# Rear rim removal struggle



## Better2DIY (2 mo ago)

I have a Craftsman 18.5 hp - model 917.272040 (1999), 46" cut with hydrostatic trans. The mower deck rusted out but I still use it for hauling utility dump cart, boat trailer, stuff like that.
I tried to put new tires on a few years ago but couldn't get the rear rims off the axle. I opted to just put tubes in and was able to do that with just some minor struggle with the rims still on. The tires are getting pretty bad with a lot of splitting in the sidewalls. They're gonna give out eventually. I've been driving it for a few years without the washers, rings, keepers and cap on hoping it might loosen itself up but no go.
I'm getting older, and I don't think I could get new tires on without removing the rims from the machine, so...
I don't want to cut the rims off and destroy them. Tires are expensive enough.
I don't want to damage the axles or the transmission with a lot of hard banging.
I promise if I ever get them off, I'll use a generous amount of anti-seize on it!!
I've used this forum to keep this old buggy running well, hoping someone will have a good suggestion. Thanks!


----------



## thedukes (Jan 9, 2022)

Are they 2 piece wheels....as in 2 halves that bolt together...?


----------



## Bob Driver (Nov 1, 2017)

Air Hammer, Oxy Torch, and a garden hose ...... Heat, Quench, Apply Air Hammer.... Sometimes takes a couple of tries, but eventually works every time. See video in link below starting at about 2:40

Removing Rusted Rim -- Starts at 2:40


----------



## Better2DIY (2 mo ago)

thedukes said:


> Are they 2 piece wheels....as in 2 halves that bolt together...?


Single piece, 
Part #106108X427


----------



## Better2DIY (2 mo ago)

Bob Driver said:


> Air Hammer, Oxy Torch, and a garden hose ...... Heat, Quench, Apply Air Hammer.... Sometimes takes a couple of tries, but eventually works every time. See video in link below starting at about 2:40
> 
> Removing Rusted Rim -- Starts at 2:40


Good video. Tried it with propane torch but probably didn't get hot enough. Been meaning to get a small oxy-acetylene torch kit. Maybe now is the time. Thanks!


----------



## Bob Driver (Nov 1, 2017)

Better2DIY said:


> Good video. Tried it with propane torch but probably didn't get hot enough. Been meaning to get a small oxy-acetylene torch kit. Maybe now is the time. Thanks!

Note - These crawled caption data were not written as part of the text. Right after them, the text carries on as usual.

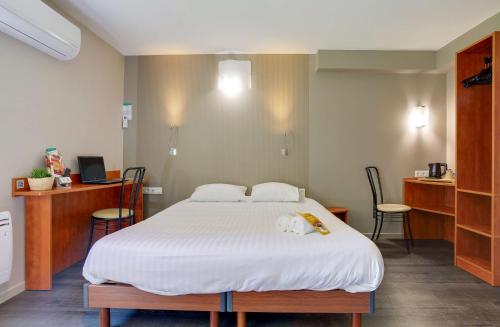 a bedroom with a large white bed with two chairs at Brit Hotel Reims La Pompelle in Reims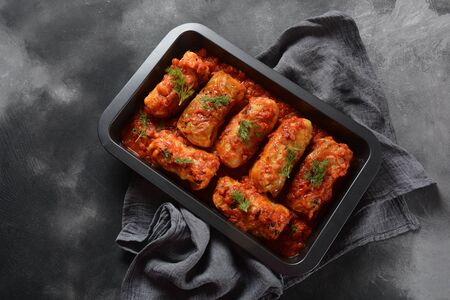 Cabbage rolls with chicken meat and rice in tomato sauce. Stuffed cabbage leaves. Delicious dinnerの写真素材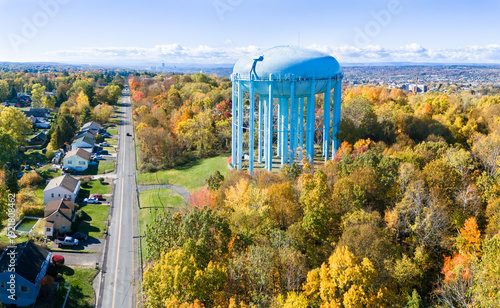 Valokuva Aerial view of large municipal water tower on a sunny autumn day, Troy, NY, with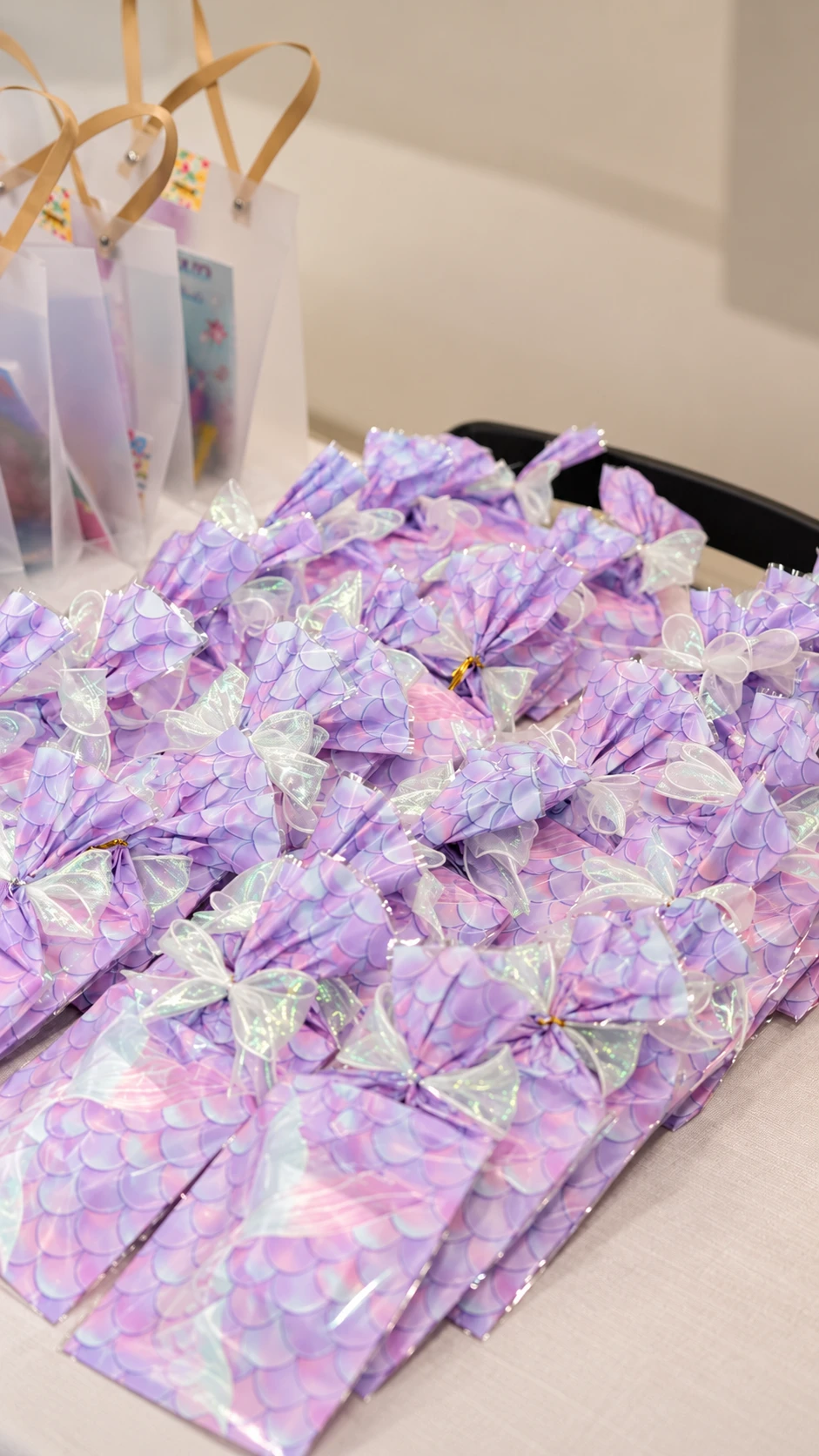 Pastel mermaid-scale party packs tied with iridescent bows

You're kidding yourself with a propane torch, that's just a slightly bigger version of a Bic lighter


----------



## linquistmarc (5 mo ago)

Make a wheel puller. Those wheels usually have wheel weight holes. Take a piece of steel channel or angle iron (thicker the better, like 1/4” or better) that is a couple of feet longer then the rim is wide and put the same configuration of wheel weight holes and axel hole centers on it. Make sure to use a wide piece of material for stability, like three or four inches wide. Bolt the angle down to the rim using all-thread through the wheel weight holes but make sure you lay two short 2x4 wood blocks under each end of the steel to provide both some space to work and some grip against rotation as you crank on this wheel puller. Make the center all-thread rod that will push against the axel the same diameter as the axel and and if you can find a short piece of pipe long enough to go over the axel flange that is sticking out of wheel, it just needs to stick past the axel flange enough to keep your puller’s center rod aligned correctly. You don’t haft to have this but if the rod isn’t aligned perfectly with the axel then it would help you in that regard. Either way, make sure you bevel that end of the all-thread a little so it doesn’t hang up on the edge of the wheel axel flange. So, tighten that channel down tight to the rim with those 2x4 between them, and then put the all-thread through the center hole with the nut on the inside toward the wheel, you may want a washer in there too to cut down on the friction, but put a little grease or oil there under and in the nut if it gets hard to turn. OK, let’s assume you have the machine blocked up a little and the extra length on that channel iron you use is extending out past the rim to your left side and contacting the ground, this will help keep the wheel from rotating. You can also have the machine in gear to help also. So, now you can put your open end wrench down behind the channel and turn the nut to push the rod against the axel, those 2x4 blocks are giving you the room to work the wrench back and fourth. Tap the end of the rod as you go and you shouldn’t have to much trouble, even sit on the fender if that channel starts to lift the machine as you wrench. Good luck.


----------



## Honest lou (2 mo ago)

Better2DIY said:


> I have a Craftsman 18.5 hp - model 917.272040 (1999), 46" cut with hydrostatic trans. The mower deck rusted out but I still use it for hauling utility dump cart, boat trailer, stuff like that.
> I tried to put new tires on a few years ago but couldn't get the rear rims off the axle. I opted to just put tubes in and was able to do that with just some minor struggle with the rims still on. The tires are getting pretty bad with a lot of splitting in the sidewalls. They're gonna give out eventually. I've been driving it for a few years without the washers, rings, keepers and cap on hoping it might loosen itself up but no go.
> I'm getting older, and I don't think I could get new tires on without removing the rims from the machine, so...
> I don't want to cut the rims off and destroy them. Tires are expensive enough.
> ...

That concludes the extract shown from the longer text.